Leaving the pictures aside, restate all of the data exactly.

▶ **Material provided**:

::::::::

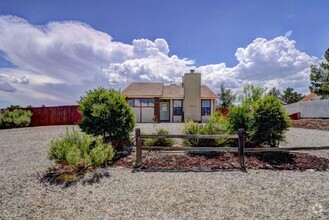 Building Photo - Incredible Home with views and fenced yard!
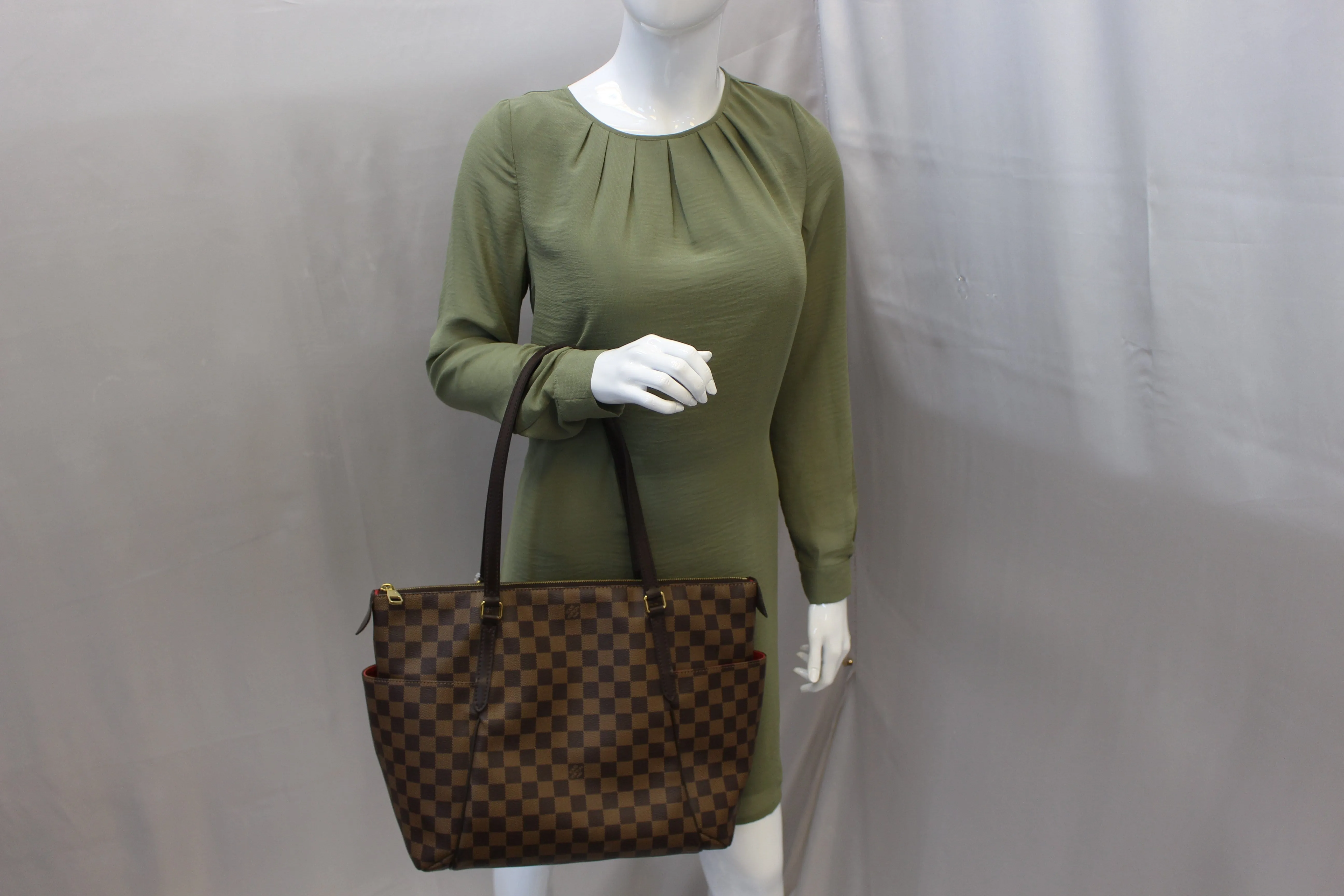 LOUIS VUITTON Damier Ebene Totally MM Shoulder Handbag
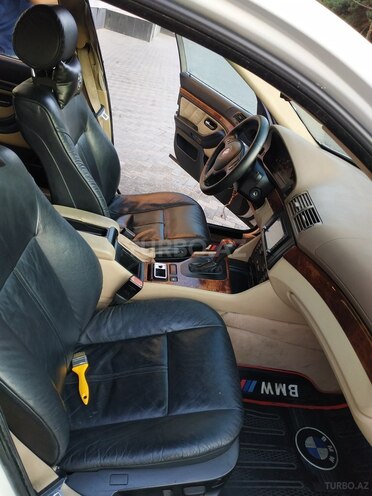 BMW 525 2003, 380,000 km - 2.5 л - Bakı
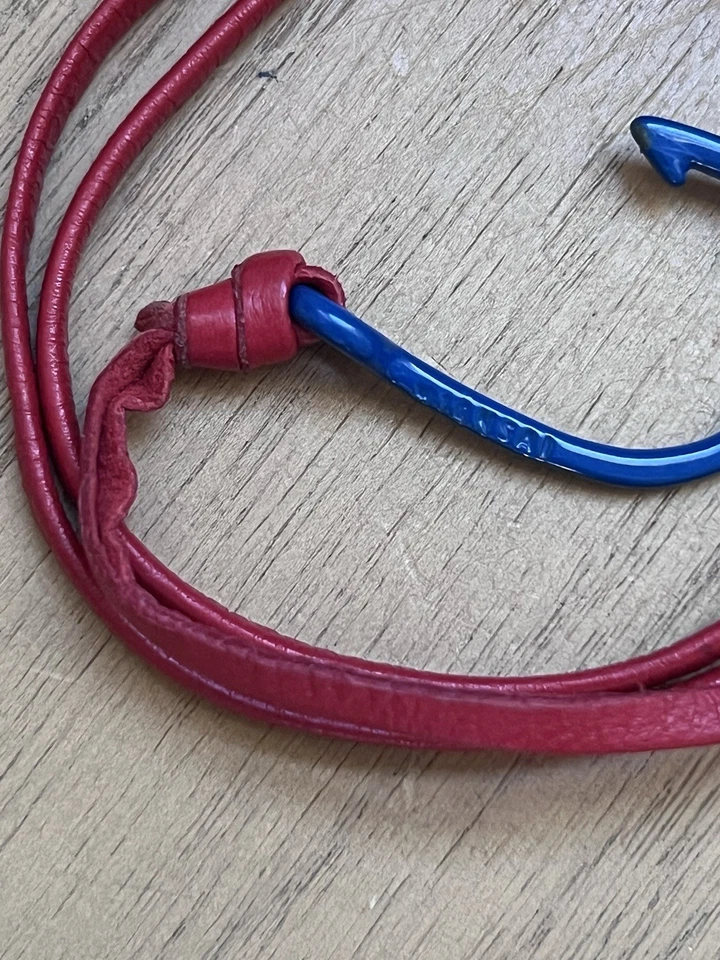 Pulsera Miansai Gancho Marítimo Gancho Cuerda, Rojo Foto 4 de 4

::::::::

▶ **Solution**:
 Building Photo - Incredible Home with views and fenced yard!
 LOUIS VUITTON Damier Ebene Totally MM Shoulder Handbag
 BMW 525 2003, 380,000 km - 2.5 л - Bakı
 Pulsera Miansai Gancho Marítimo Gancho Cuerda, Rojo Foto 4 de 4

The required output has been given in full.